Role of 6-O-α-maltosyl-β-cyclodextrin in lysosomal cholesterol deprivation in Npc1-deficient Chinese hamster ovary cells

Abstract

We aimed to investigate whether 6-O-α-maltosyl-β-cyclodextrin (Mal-βCD) is incorporated into cells and lysosomes during the release of unesterified cholesterol in Npc1-deficient Chinese hamster ovary (CHO) cells (Npc1 KO cells) and CHO-JP17 cells (JP17 cells). Internalization of Mal-βCD in cells and lysosomes and extracellular release of lysosomal unesterified cholesterol were demonstrated by LC/MS/MS and LC/MS, respectively. Internalization of Mal-βCD was greater in Npc1 KO cells than in JP17 cells. The majority of internalized Mal-βCD in both cell types was metabolized by lysosomal α-glucosidase to 6-O-α-D-glucosyl-β-cyclodextrin (Glc-βCD). However, Mal-βCD did not directly enter the lysosomes prepared from cell homogenates.

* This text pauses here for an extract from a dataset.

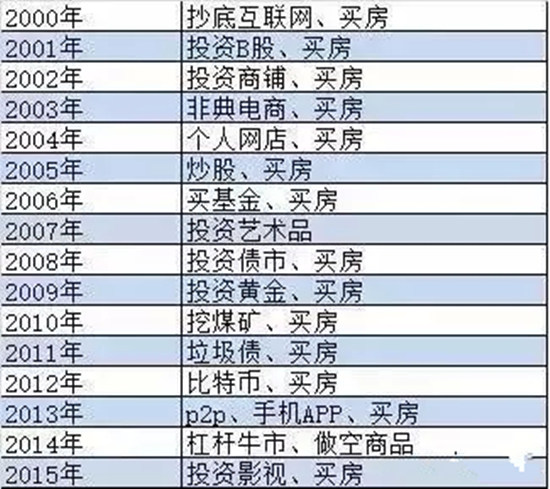 张家口多少人口_重磅 张家口一墙之隔限购政策连夜出台,外地人禁买二套房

Mal-βCD-treated Npc1 KO cells and JP17 cells both released Mal-βCD and Glc-βCD, together with unesterified cholesterol, out of cells. The release of unesterified cholesterol by Mal-βCD in Npc1 KO cells was much greater than that in JP17 cells. This study is the first to report the influx of Mal-βCD into the lysosomes of Npc1 KO cells and JP17 cells, followed by generation of Glc-βCD, and the efflux of Mal-βCD/Glc-βCD and unesterified cholesterol to the extracellular fluid, based on the quantitative LC/MS analysis.